Citizen Panel Will Study United Way
The Los Angeles-area United Way named a citizens committee Thursday to examine the charity’s finances in response to disclosures that more than $330,000 in donations was loaned to agency executives.
The committee will be chaired by Robert Dockson, chairman of California Federal Savings & Loan Assn. None of the committee members is a United Way director, although some members have served as United Way volunteers in the past.
United Way Chairman William F. Kieschnick, retired president of Atlantic Richfield, said the citizens committee will meet behind closed doors “to protect the integrity of the process.” He said the committee will make make no public comments until its inquiry is completed, no later than Aug. 31.
The more than $330,000 in loans--most of which were interest free, unsecured and remain unpaid--were arranged by United Way President Francis X. McNamara Jr. with only the approval of a few key volunteers, notably insurance executive Walter B. Gerken, who was United Way chairman from 1982 to 1984.
Kieschnick said the board agreed Thursday that volunteer oversight of management must be significantly improved and that United Way directors will begin private talks immediately on how to accomplish this. He said the board also agreed that full committees of the board will oversee future audits and setting of staff salaries. Until now a few volunteers with close ties to McNamara reviewed these functions.
“I’m going to tell our committee, when it meets Monday in our (CalFed’s) board room, that the object here is financial structure, control and procedures and wherever that might lead is where we will go,” Dockson said in a telephone interview. He said emphasis will be placed on establishing “clear lines of authority” for staff and volunteers, especially over disbursing money.
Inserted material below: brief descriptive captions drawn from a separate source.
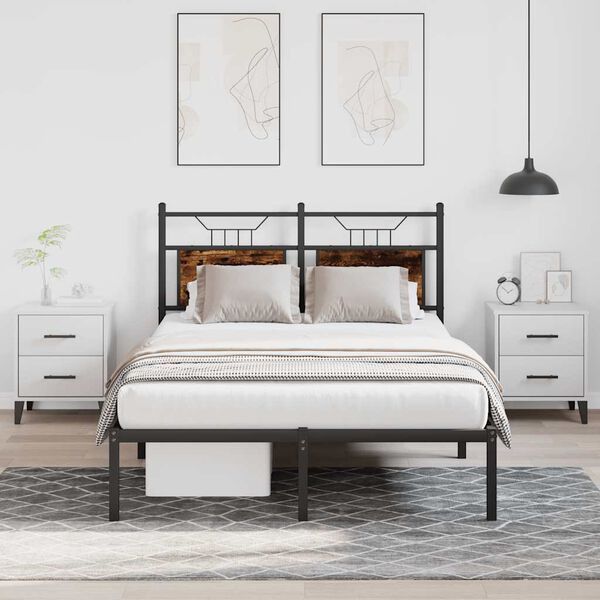 vidaXL Bed Frame Smoked Oak Engineered Wood and Steel Small Double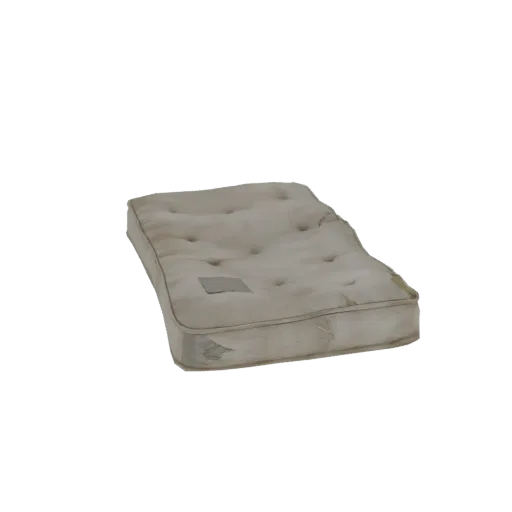 Un rendu 3D d'un matelas usé et taché, montrant des signes visibles d'âge et d'utilisation.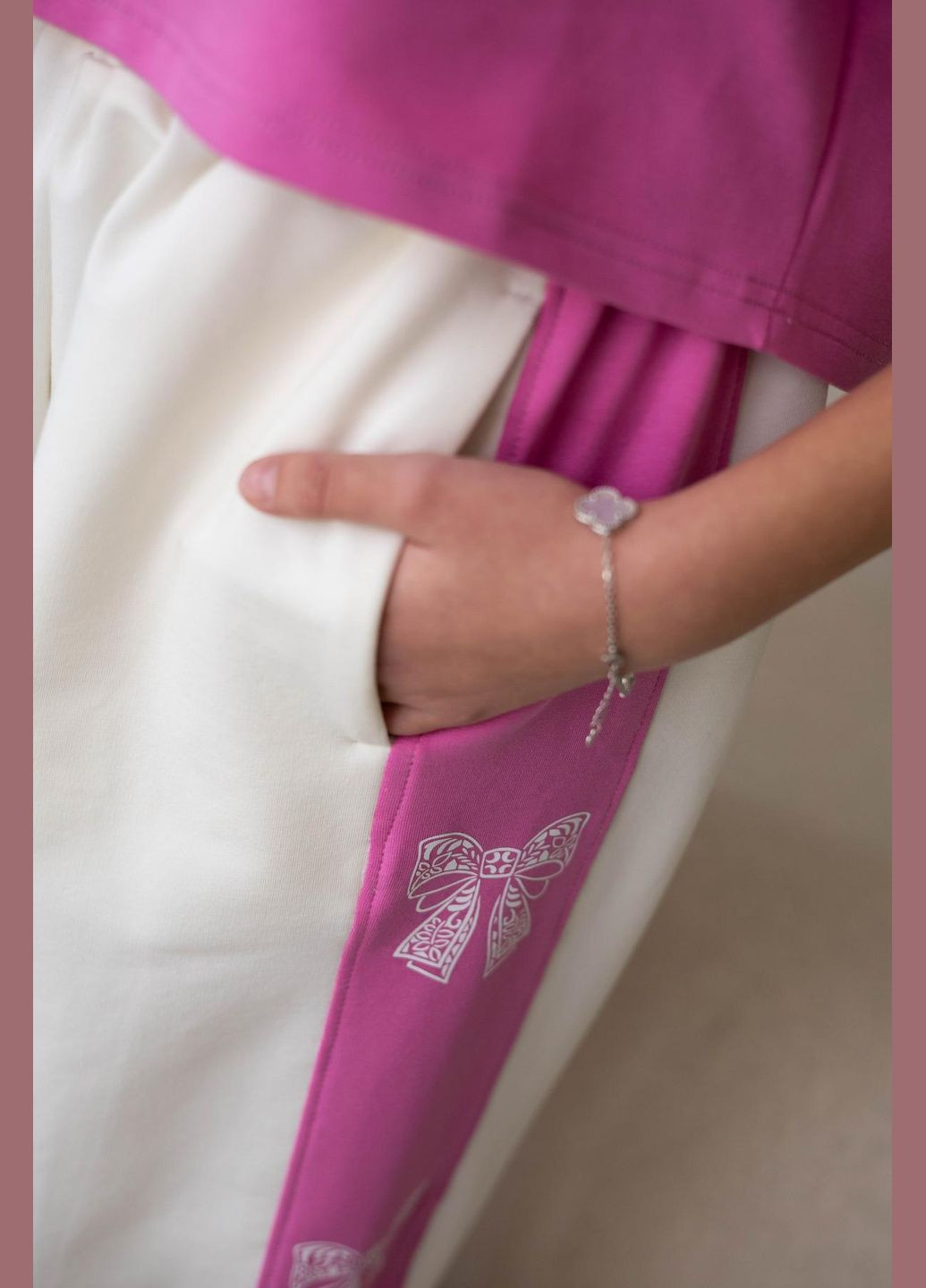 Рожевий літній комплект "бантики" з рожевою футболкою брючний IRmAS оверсайз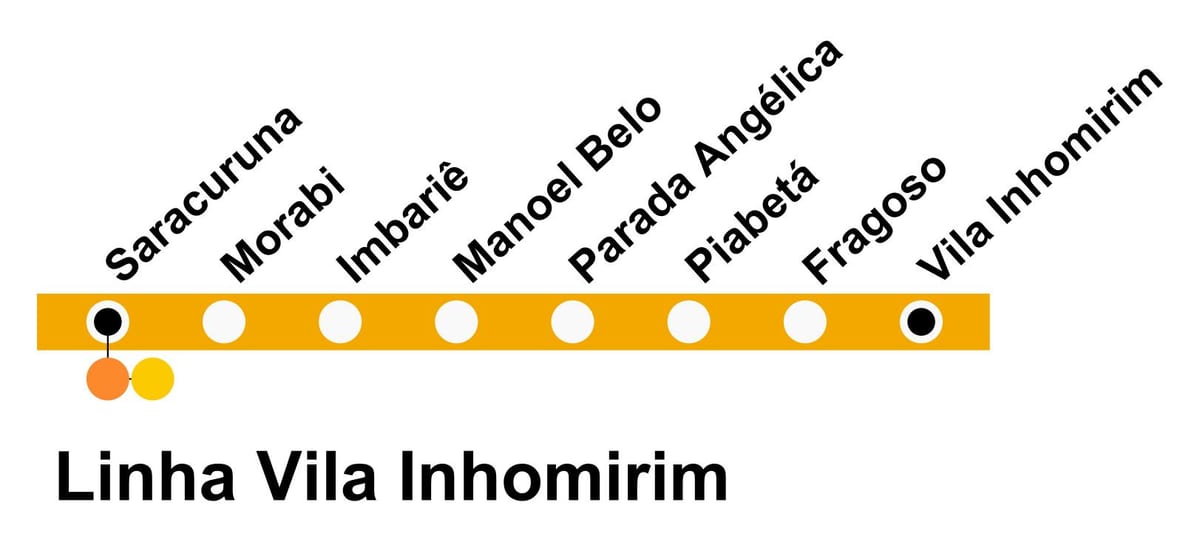 মানচিত্র SuperVia - লাইন Vila Inhomirim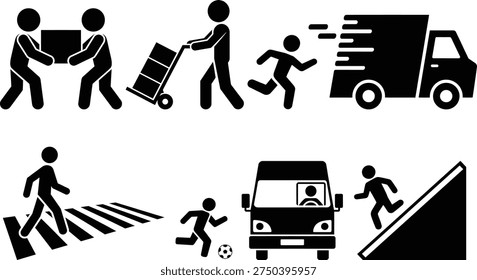 A collection of icons representing various moving and transportation activities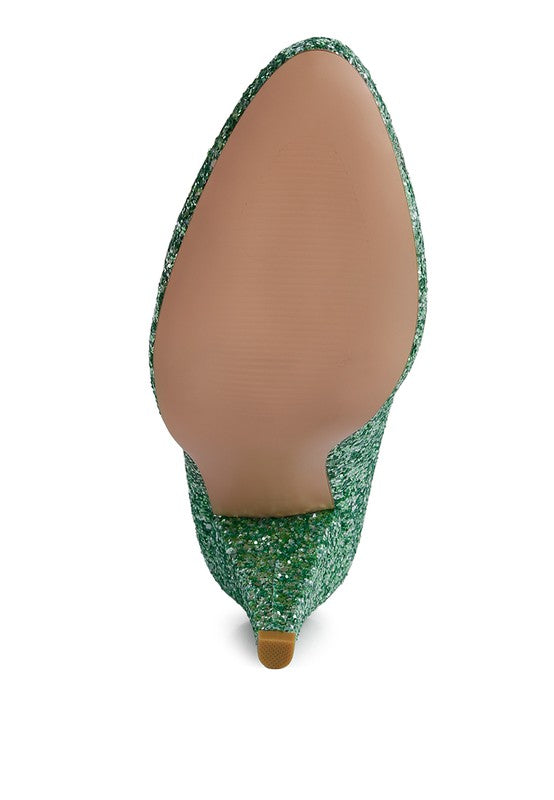 Sugar Plum Glitter Heel Pumps
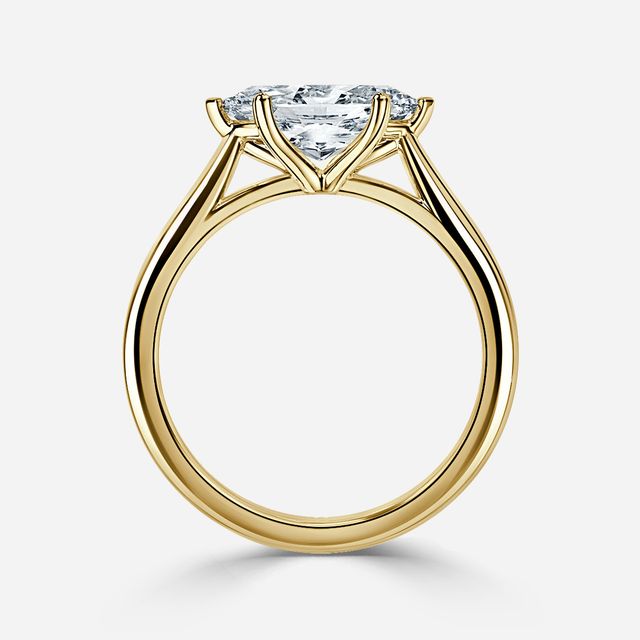 Faith Yellow Gold East-West Solitaire Engagement Ring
The committee will get free legal advice from the firm of Gibson Dunn & Crutcher, and free auditing services from Arthur Young & Co., a national accounting firm, Kieschnick said.
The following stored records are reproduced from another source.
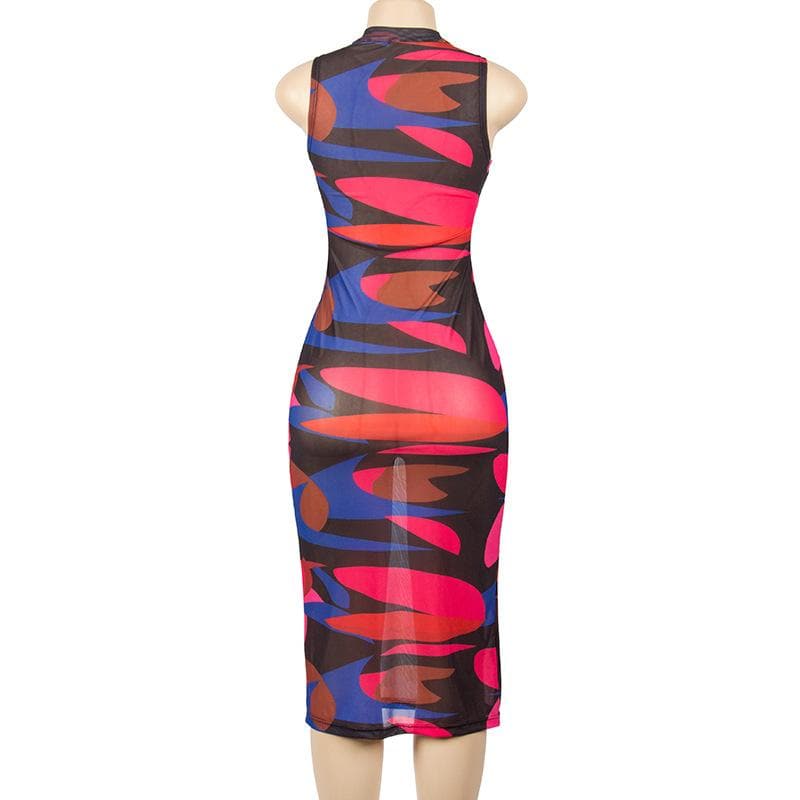 Round Neck Sleeveless Abstract Geometric Print Bodycon Midi Dress 3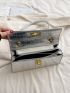 Crocodile Embossed Flap Baguette Bag Turn Lock Metallic Funky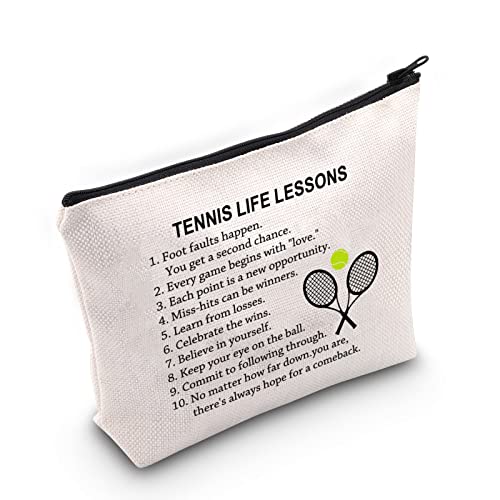 G2TUP Tennis Gift Tennis Life Lesson Makeup Bag Tennis Player Cosmetic Bag Tennis Lover Gift Tennis Team Gift Zipper Travel Pouch (Tennis Life Lesson White Bag)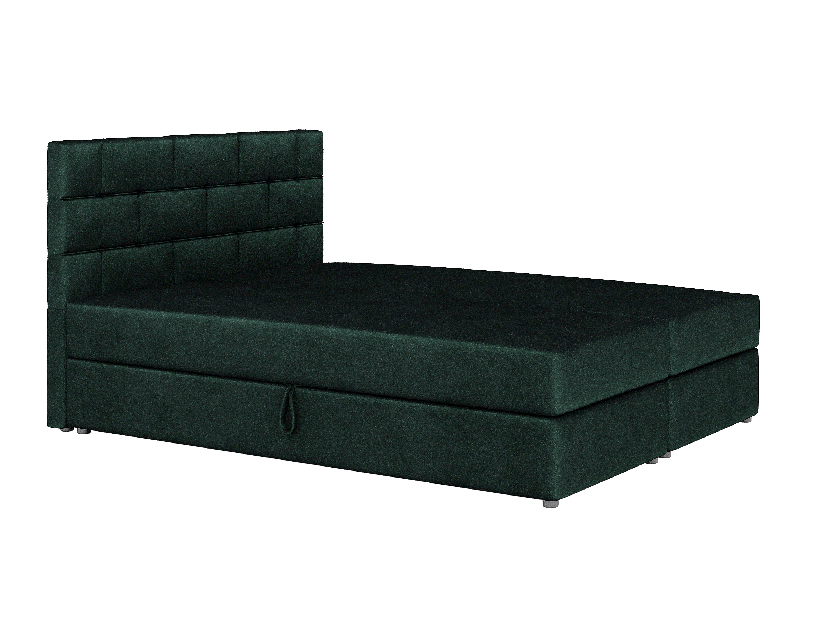 Pat matrimonial Boxspring 160x200 cm Waller (verde închis) (cu somieră și saltea)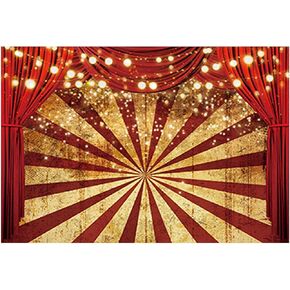 Funnytree 7x5ft Golden Glitter Red Curtain Halloween Photography Backdrop Circus Carnival Sparkle Stripes Background Baby Shower Birthday Party Portrait Cake Table Decor Banner Photo Booth Props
Serving with Dockson on the citizens committee will be attorney John C. Argue of Argue Freston Pearson Haribison & Myers; Sister Magdalen Coughlin, CSJ, president of Mount St. Mary’s College; Jack K. Horton, chairman of the executive committee at Southern California Edison Co., and Ignacio E. Lozano Jr., publisher and editor of the Spanish-language newspaper La Opinion.
Also, Anelise N. Mosich, USC professor of accountancy; Alfred Osborne Jr., associate dean of the UCLA Graduate School of Management; attorney Edward Sanders of Sanders Barnett Goldsmith & Jacobson; Togo W. Tanaka, chairman of Gramercy Enterprises; Dr. Joseph Van der Meulen, USC vice president for health affairs, and U.S. District Judge Laughlin Waters.
A representative from organized labor will be named soon, Kieschnick said.
United Way raised $85.5 million in pledges this year for 350 human-care agencies in Los Angeles County and western San Bernardino County.